I was at the Royal Ontario Museum earlier today for a media view and was shocked to see that the admission price has quietly risen 10% or more across the board. Now admission fees are $22 for adults, $19 for students and seniors, and $15 for children aged 4 to 14. (They were previously the still-expensive $20 for adults, $17 for seniors and students, and $12 for children 4 to 14—those all being part of a 30% rise that came into effect June 2007.)

This means that ticket prices on “cheap” half-price Fridays have also risen—to recap, it’s now $11 for adults, $9 for students and seniors, and $7.50 for children aged 4 to 14. Frankly, this is the maximum such ticket prices should be all the time, not just 4 hours for TGIFers.

This new price rise (which quietly came into effect July 1) has arrived soon after the ROM kindly received a $12.1-mil one-time grant from the Government of Ontario to offset its building costs. And just after the Government pumped another, much ballyhooed $1.3 mil into the ROM to give 1,200 free passes a month to the United Way and new citizens. (This deal, if renewed next year, gets the ROM gets an extra $60 for every free pass that walks through the door. How, you ask? The actual at-the-door cost of 14,400 tickets a year is just $288,800 or so. That leaves, oh, $1 mil for the ROM to shovel into its money pit.)

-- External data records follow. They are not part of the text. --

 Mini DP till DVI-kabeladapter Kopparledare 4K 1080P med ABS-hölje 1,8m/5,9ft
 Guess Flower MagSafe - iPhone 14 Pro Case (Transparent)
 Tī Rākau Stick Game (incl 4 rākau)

So…. where’s another press conference with McGuinty when you need one? This fee increase was one aspect of ROM access strategy conveniently not addressed (either by the ROM, or by McG) when the premier gave his talk about making the museum more accessible to all Ontarians back in April.

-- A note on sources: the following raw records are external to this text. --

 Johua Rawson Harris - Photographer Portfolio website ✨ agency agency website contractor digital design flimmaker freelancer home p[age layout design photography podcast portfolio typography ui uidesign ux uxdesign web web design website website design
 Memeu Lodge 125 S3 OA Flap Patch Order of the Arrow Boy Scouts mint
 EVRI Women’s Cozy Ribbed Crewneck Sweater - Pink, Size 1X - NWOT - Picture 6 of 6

To be fair, as I walked around the museum today I could see that there were visitors present despite my doomsaying; many were tourists in vacation-spending mode, others clearly daycamp kids who had benefited from some of that press-conference-related ticket donation programming. There was even enough people that I started to think maybe I’ve been too rash about all this admission fee harping; maybe it’s only me who feels like it’s not affordable.

Interestingly, the 5pm “half-price Fridays” lineup outside the museum proved my ambivalent musings wrong. The lineup stretched around the Bloor/University corner to the old sandstone entrance, and was growing. People looked like they would be standing in line for a good while before even getting in—and they were willing to do this just for the chance to pay a reasonable fee to enter their own museum.

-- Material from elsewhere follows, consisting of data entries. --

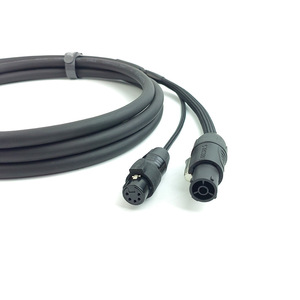 สายเคเบิล XLR พร้อมหัวต่อ SpeakON 250V สายหุ้ม PVC ตัวนำทองแดง ป้องกันด้วยเส้นถัก ใช้ได้ทั้งแบบตัวผู้และตัวเมีย สำหรับงานเสียงระดับมืออาชีพ - Product Image 3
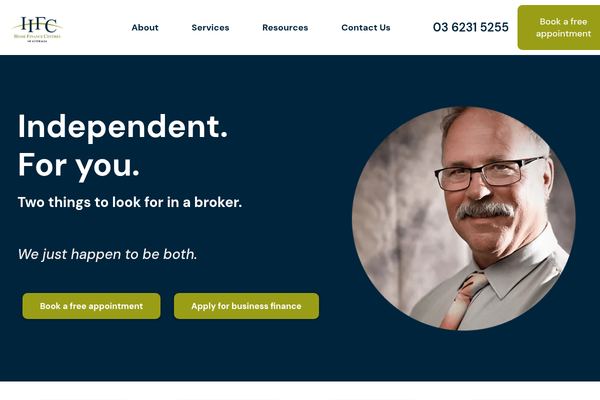 Home Finance Centres of Australia - Hobart website preview
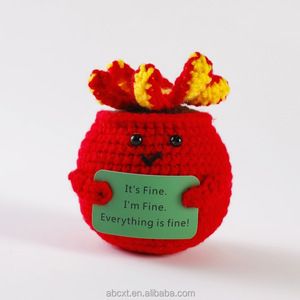 ตุ๊กตาถังดับเพลิงทอมือแบบใหม่ ผลิตด้วยมืออย่างสร้างสรรค์ - Product Image 1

Some say the rain is getting them down—but to me, it’s institutional mismanagement like this that really makes for a gloomy summer.

If you do want to visit, remember Wednesdays from 4:30 to 5:30 is the only hour during which admission to the ROM is free to all comers. This is now thankfully posted in between the front glass entrance doors, but strangely not at the ticket counter. “Enjoy!”

Photo from the Premier of Ontario’s website.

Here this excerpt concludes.